Article Index

1600s and 1700s

There was no overall system of education in the 17th, 18th and early 19th centuries, but where schools existed, they were mainly of two types, ‘Grammar’ schools, based on the teaching of Latin and Greek, (essential for university entrance), and ‘English’ schools, where pupils were taught the ‘Three Rs’, reading, writing and arithmetic. Teaching was not necessarily given in school buildings, as we know them now, for classes were often held in the teacher’s own home, or alternatively in the Parson’s study in a Rectory or Vicarage, offering education to children whose family circumstances would probably not otherwise have permitted them the ‘luxury’ of schooling. Many leading figures, however, felt that education should be designed around a person’s ‘standing’ in life, often holding the belief that ‘too much learning’ would make the poor dissatisfied and unfit for laborious employment – a feeling that persisted well into the 19th century. Examination of the Norwich Subscription Books shows a rather uneven distribution of towns and villages in Norfolk who had licensed teachers, but though illiteracy was the norm,many children living in the more heavily populated parts of Norfolk, whose families wished them to receive some form of schooling, probably had a teacher within reach, on foot or on horseback, even before 1700.
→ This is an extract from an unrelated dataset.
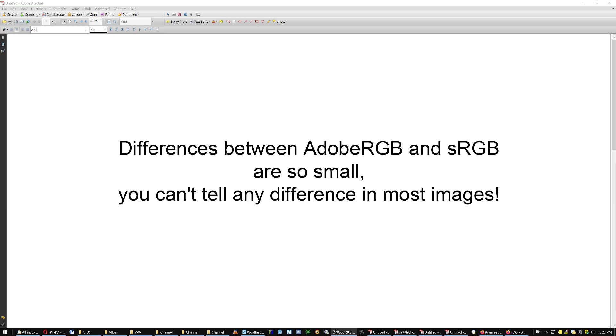Now the differences between Adobe RGB and sRGB are so small, you can't tell any difference in most images. The difference between calibrated and uncalibrated are huge.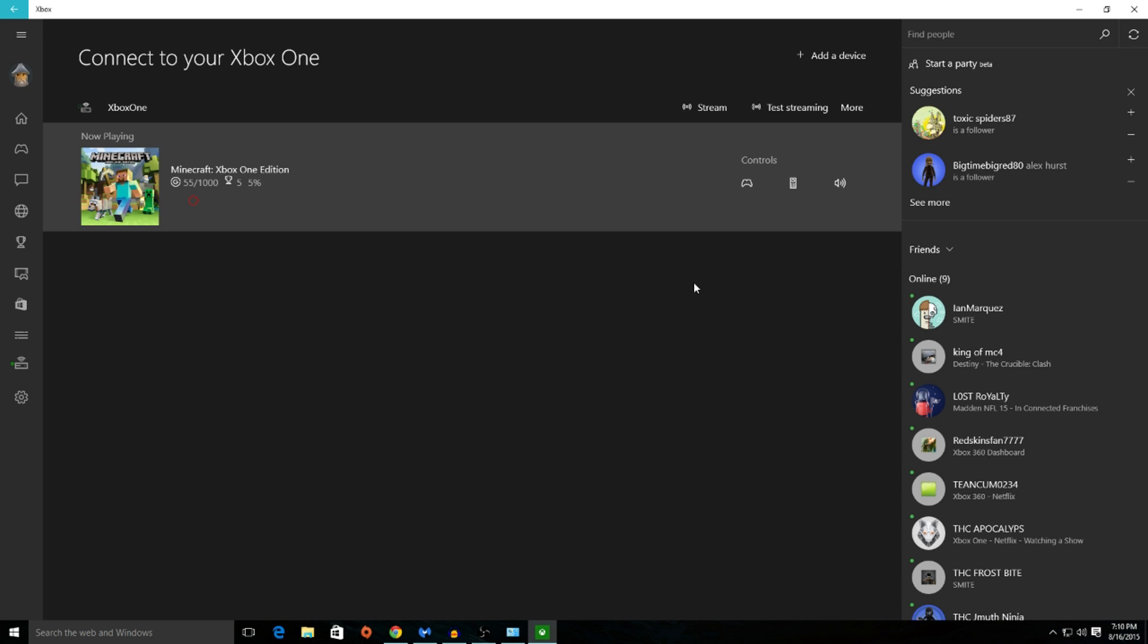Following that, to stream a game or to stream your entire Xbox One to your PC, click the stream. Now if you're not sure if you've done the following steps correctly, go ahead and click the test streaming. Not only will this help you see if you've done everything correct, but also test out your connection strength.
The first record of a teacher being appointed for Little Melton is in 1710, when a Mister Philip Low received a licence from the Bishop of Norwich to teach reading, writing and arithmetic. It is unlikely that Mr Low had a university degree or was conversant in Latin or Greek. He did not need to be to teach the ‘Three Rs’, but he would have had to produce references to prove his competency to teach, and his moral fitness to do so, before he could be recommended for a licence. Finally he would have had to declare, on oath, his belief in the tenets of the Church and his loyalty to Queen Anne, before he was granted a licence, his ‘school’ being very probably the cottage in which he lived.